Farm Plan Fails; Army May Have to Move Bainbridge Japs

Because residents of Idaho and Eastern Washington have opposed the establishment in their districts of a cooperative farm colony by Japanese residents of Bainbridge Island, most of the 270 Japanese on the island will have to be evacuated forcibly by the Army next Monday, I. Nagatani, American-born Japanese leader, said today.

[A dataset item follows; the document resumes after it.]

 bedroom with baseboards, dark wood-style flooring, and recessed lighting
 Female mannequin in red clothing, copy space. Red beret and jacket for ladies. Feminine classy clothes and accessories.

Under an order signed yesterday by Lieut. Gen. J.L. De Witt, commanding general of the Western Defense Command and Fourth Army, all Japanese on the island may leave voluntarily up until Sunday, provided their destinations are approved by the Army. Those still there next Monday will be evacuated by the Army and sent to a camp by the Army. Those still there next Monday will be evacuated by the Army and sent to a camp at Manzanar, 270 miles from Los Angeles, in Southeastern California.

Cooperative Plan Fails

"We had been looking for a place to establish a cooperative farm," Nagatani said. "We had three possible sites--two in Eastern Washington and the other in Idaho, but the plan fell through because residents of the districts opposed our coming."

Nagatani said all residents of the island would prefer to establish a cooperative farm, but that this cannot be done now because there is not time to make arrangements. He said they planned to take over abandoned farms and supply most of the funds themselves.

Bainbridge School District will lose considerable revenue through the Japanese evacuation. It receives 25 cents a day from the state for every pupil attending, and a large proportion of the districts pupils are Japanese.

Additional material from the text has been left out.